### What needs to be done
Starting at the line that holds "Blue & Grey" and stopping at the line that holds "Guidelines For Preparing", restate the records below word for word, with both of those lines included.

### Excerpted data

--- START ---

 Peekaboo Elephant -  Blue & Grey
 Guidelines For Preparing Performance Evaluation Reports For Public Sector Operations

--- END ---
--- START ---

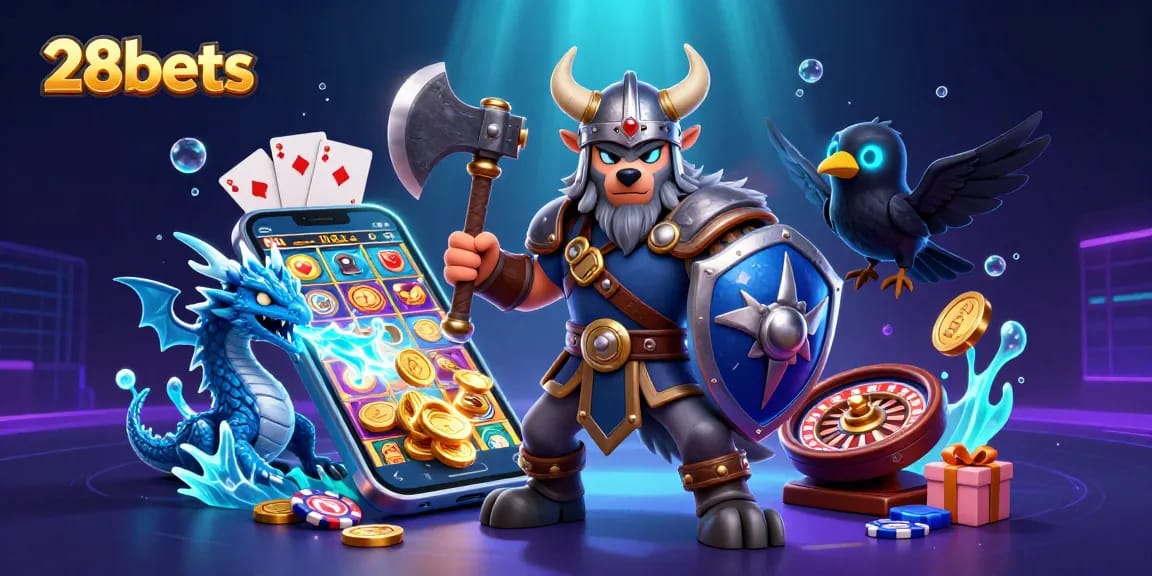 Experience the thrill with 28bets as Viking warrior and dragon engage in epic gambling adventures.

--- END ---
--- START ---

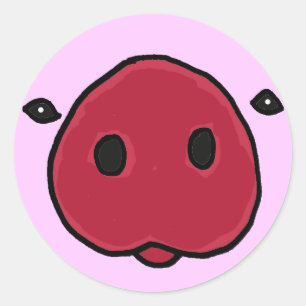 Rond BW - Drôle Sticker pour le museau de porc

--- END ---

### Task answer
 Peekaboo Elephant -  Blue & Grey
 Guidelines For Preparing Performance Evaluation Reports For Public Sector Operations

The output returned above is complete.